A Cultura não teve tempo para se firmar entre as grandes do Rio

Fachada art déco do antigo cinema Vitória, convertido na Livraria Cultura
Fachada art déco do antigo cinema Vitória, convertido na Livraria Cultura - Divulgação

A megafilial carioca da Livraria Cultura fechou as portas. Ficava na Cinelândia e ocupava o prédio do antigo Cinema Vitória, uma das maravilhas do art déco no Rio, inaugurado em 1942 com “O Grande Ditador”, de Chaplin. Assisti a grandes filmes no Vitória. Nos anos 80, com a decadência dos cinemas de rua, o proprietário dedicou-se a degradá-lo, reduzindo-o a filmes pornô, até finalmente fechá-lo. Sua transformação na Cultura em 2012, mantidos muitos traços originais do prédio, era a esperança de sua conservação.

As livrarias sempre foram pontos de encontro entre os escritores e seus leitores, para benefício de ambos.
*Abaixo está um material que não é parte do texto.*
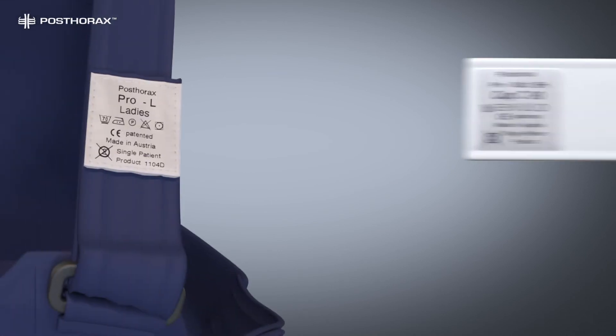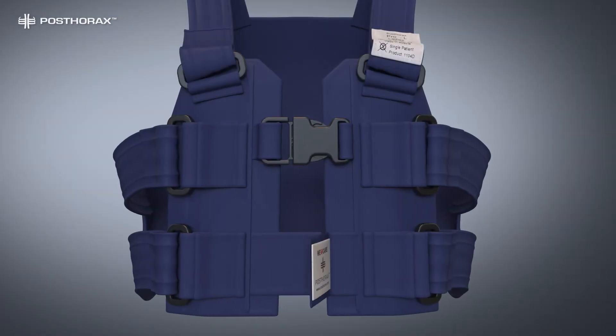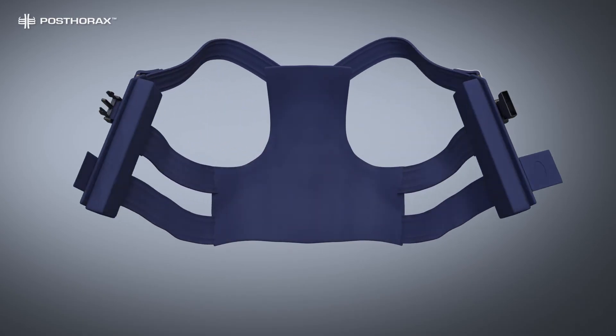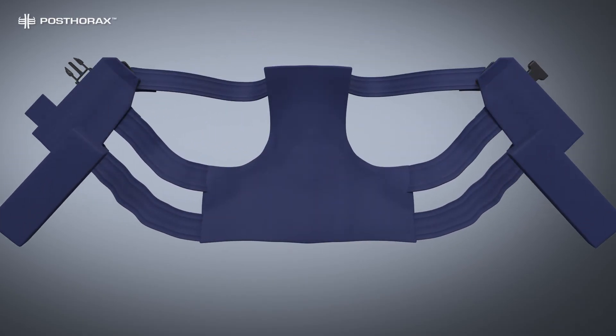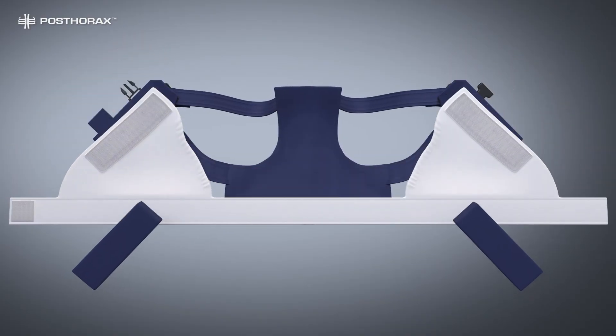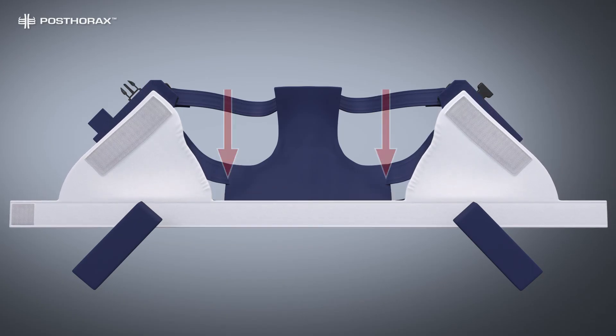Select the correct size of the support bra and vest. Open the clip and velcro of the support vest and attach the two support cushions. Now attach the support bra to the front velcro. You have the choice to place the bra higher or lower depending on breast size to achieve a perfect fit.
No Rio, a primeira foi a do editor e tipógrafo Paula Brito, na hoje praça Tiradentes, pouso em 1860 de Joaquim Manuel de Macedo, Manuel Antonio de Almeida e Machado de Assis. Sucedeu-a, rumo a 1900, o longo reinado da Garnier, na rua do Ouvidor, também com Machado, mas já na companhia da turma de Coelho Netto e Olavo Bilac.

Veio então a Leite Ribeiro, no largo da Carioca, com suas vitrines iluminadas e onde Théo-Filho e Gilka Machado davam as ordens em 1922. Nos anos 30 e 40, a José Olympio, também na Ouvidor, era o território de Zé Lins do Rego e Graciliano Ramos. Em seguida, a querida São José, na rua idem, onde Drummond batia o ponto todos os dias. E a Leonardo da Vinci, reduto em 1968 dos cientistas sociais, dos estruturalistas e dos leitores do Cahiers du Cinéma. 

De 1990 para cá, diversas livrarias foram palco de encontros: a Timbre, até hoje no Shopping da Gávea; sua pranteada vizinha, a Bookmakers; a Dantes, no Leblon, também morta; e as várias Travessas, cada vez mais acolhedoras e, graças, firmes. 

A crise e outros problemas não deram tempo à Cultura para criar aquele ambiente mágico em que autores e leitores se espelham —estes, sonhando escrever, e, aqueles, ansiando pelo dia em que poderão se dedicar simplesmente a ler.